The non-bonded interactions between the CG particles are described by a 6–12 LJ potential. In all cases, the same effective LJ particle diameter of 0.47 nm is used. Five levels of LJ interaction are defined (Marrink et al. 2004). They range from attractive (representing strong polar interactions, P particles) through intermediate (representing non-polar interactions in aliphatic chains, N particles) to repulsive interactions (representing hydrophobic repulsion between polar and non-polar phases, C particles). Charged (Q) groups also interact via the standard coulombic potential with a relative dielectric constant of 20. Shift functions are applied so that energies and forces vanish at the cut-off distance. LJ interactions are smoothly shifted to zero between 0.9 and 1.2 nm. Coulombic interactions are also shifted to zero from 1.2 nm. The appropriate particle types were assigned according to partial charge and hydrogen bonding capacities of the constituent atoms of DNA nucleotides.

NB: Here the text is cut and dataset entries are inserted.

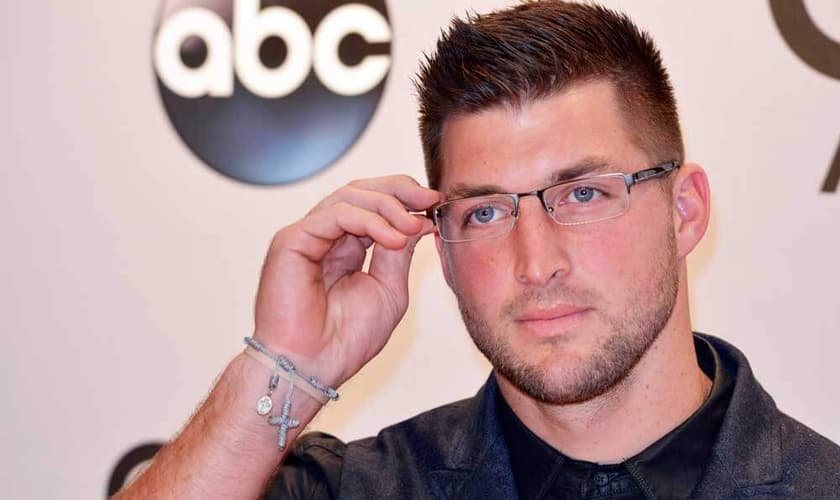 Tim Tebow chega na Country Music Association Awards em Nashville, Tennessee no dia 05 novembro de 2014. (Imagem: Reuters)
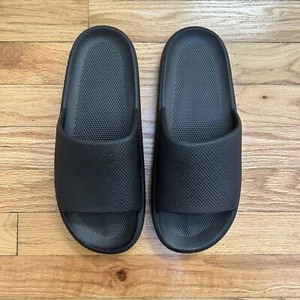 Victoria's Secret Pink Logo Pillow Slides, Size Large 9/10 Black Used Once - Picture 1 of 3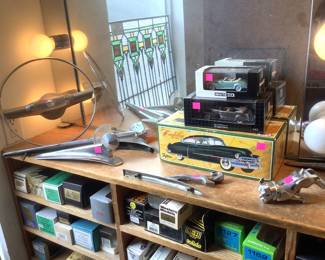 Hood Ornaments, Hub Caps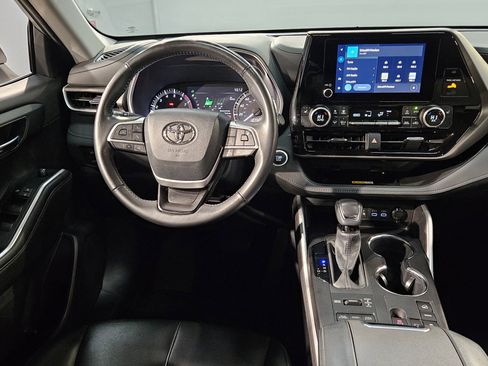 Used 2024 Toyota Highlander XLE image 9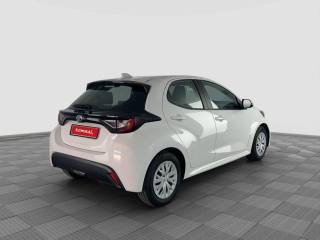 TOYOTA Yaris usata 4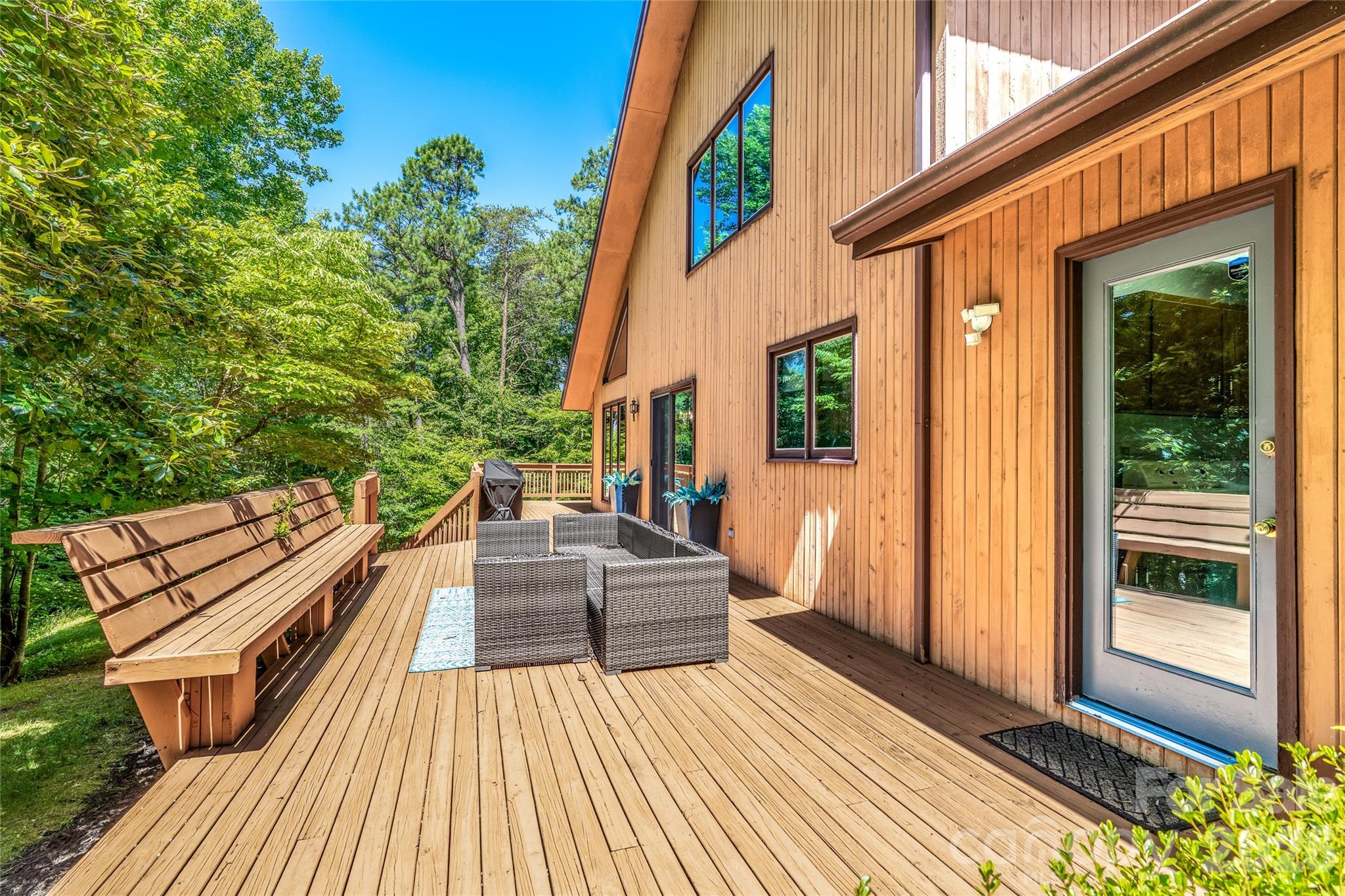 Single Family Residence at 340 Sugar Hollow Road, Fairview, photo 19 of 48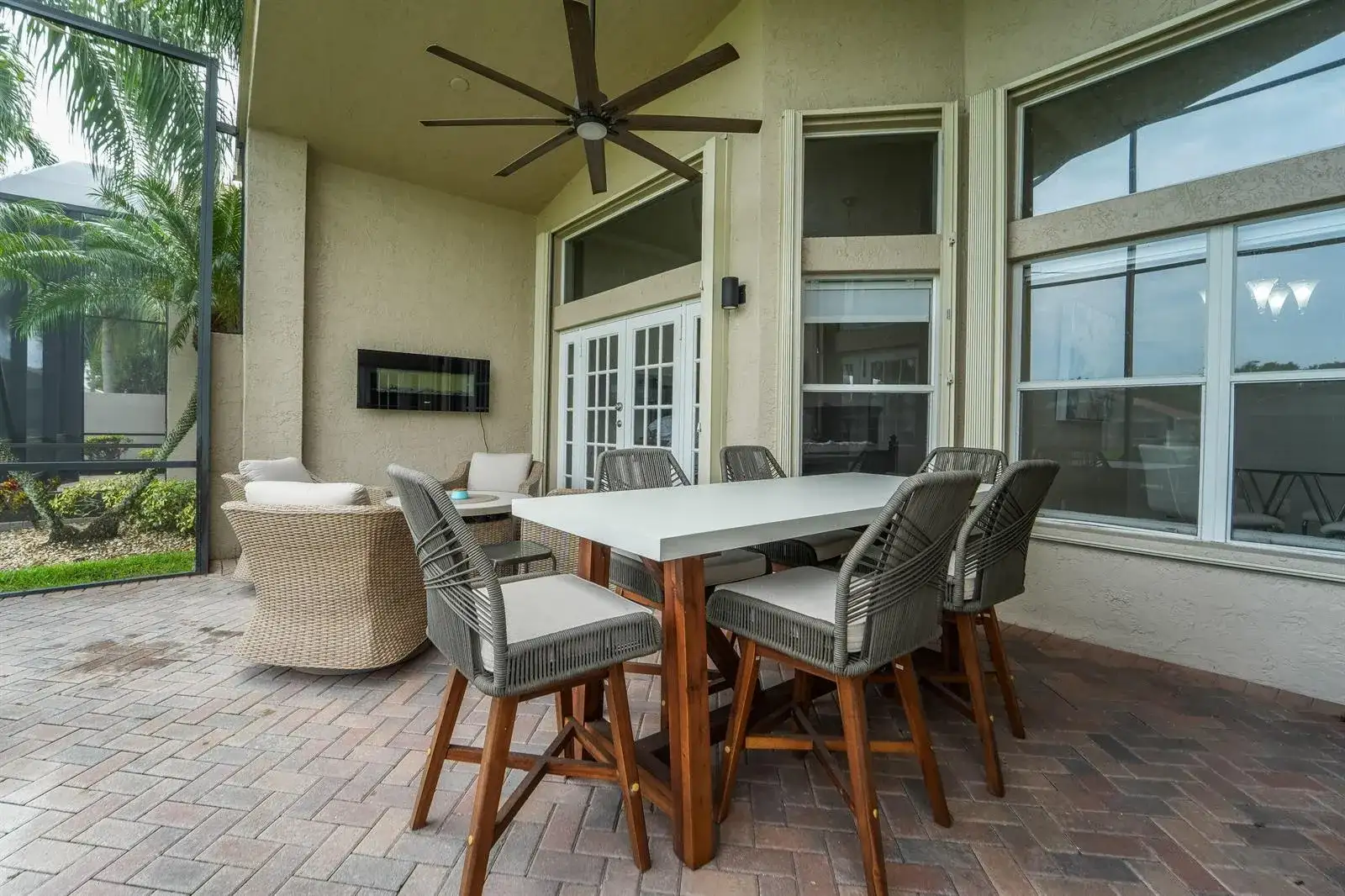 9841 Casa Mar Drive, Lake Worth FL 33467 photo 2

Particle subtypes for Q and N particles are defined as in Marrink et al. (2004): 0 (no hydrogen bonding), d (hydrogen bonding donor), a (hydrogen bonding acceptor) or da (hydrogen bonding donor and acceptor), where, for example, Nda would be a non-polar particle with hydrogen bond acceptor and donor capabilities. Particle types used for the DNA model are summarized in table 1.

Table 1.

Summary of the particle types that constitute the CG DNA model.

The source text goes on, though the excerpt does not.